The controlled growth of MOF crystals in a confined space has long been a challenge. In this contribution, we present a facile strategy for the confined growth of MOF crystals in a mesoporous silica shell by pre-installing a metal stock inside the cavity while transporting organic linkers through the permeable shell. Remarkably, the size and shape of the confined MOF crystals could be controlled effectively by adjusting the synthesis parameters. The obtained MOF@mSiO₂ composites could further be functionalized with a range of surfactant-free metal nanoparticles (MNPs, e.g., Au, Pd, and Ag) via galvanic replacement reactions on the encapsulated Cu₂O surface during a one-pot preparation. This led to ultrafine MNPs embedded within the MOF matrix.

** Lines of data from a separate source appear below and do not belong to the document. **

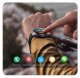 SMARTWATCH ZEGAREK SMARTBAND MENU POLSKIE DAMSKI ROZMOWY MĘSKI SMART WATCH WATCH 4 PRO 2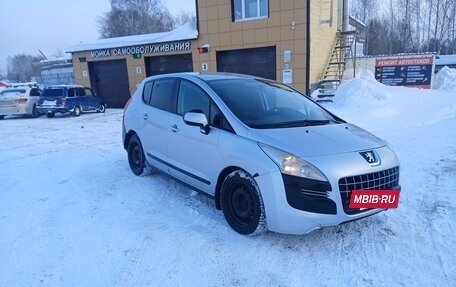 Peugeot 3008 I рестайлинг, 2011 год, 310 000 рублей, 2 фотография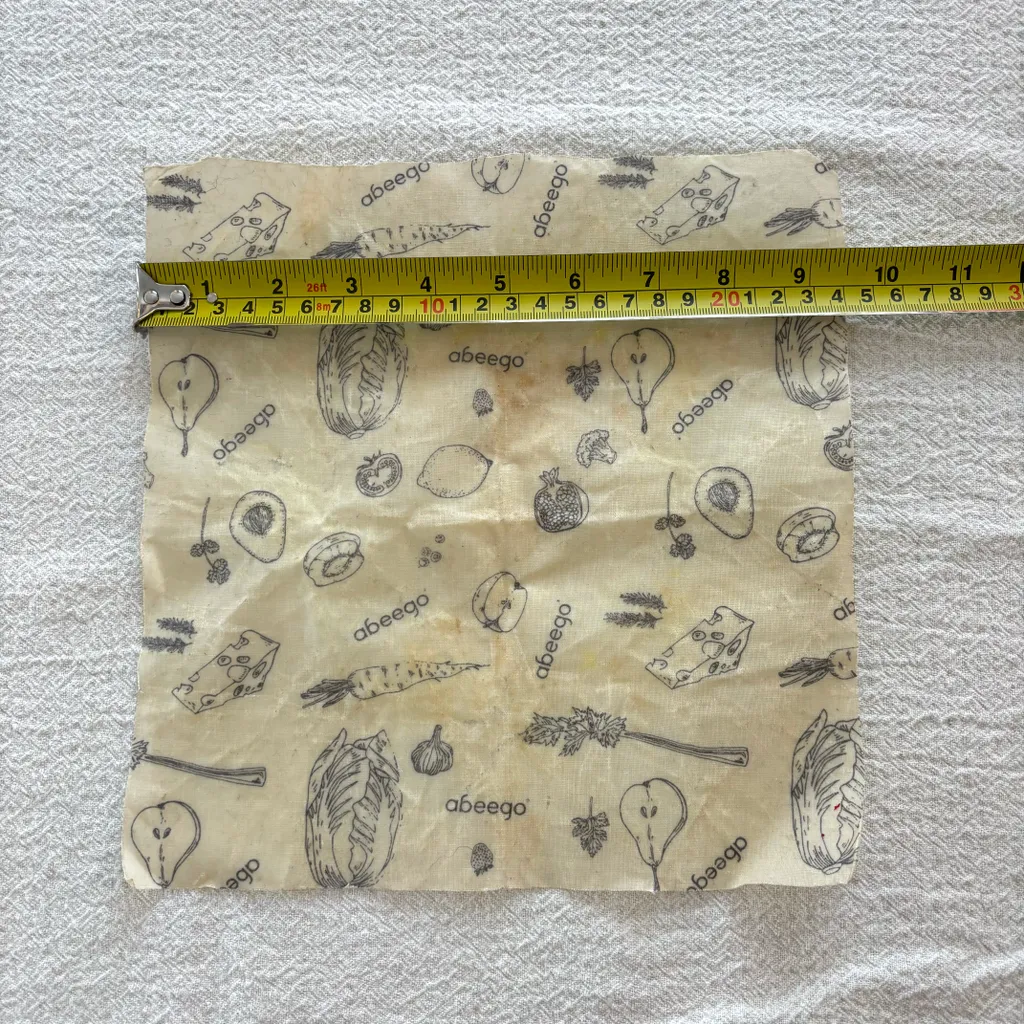 *FREE* abeego Beeswax Wrap photo 1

The construction of the MOF and the galvanic replacement reaction occurred on similar time scales, and the Cu₂O cores are believed to play dual roles in the synthesis: (i) providing a source of copper ions for building MOFs, and (ii) serving as a reductant to form noble MNPs which in turn significantly accelerated the formation kinetics of MOF crystals (to within 1 minute). Furthermore, it was also demonstrated that the encapsulated MOFs/MNPs within the mSiO₂ shells were highly accessible to the general gas/liquid molecules and exhibited excellent catalytic activity for several oxidation reactions.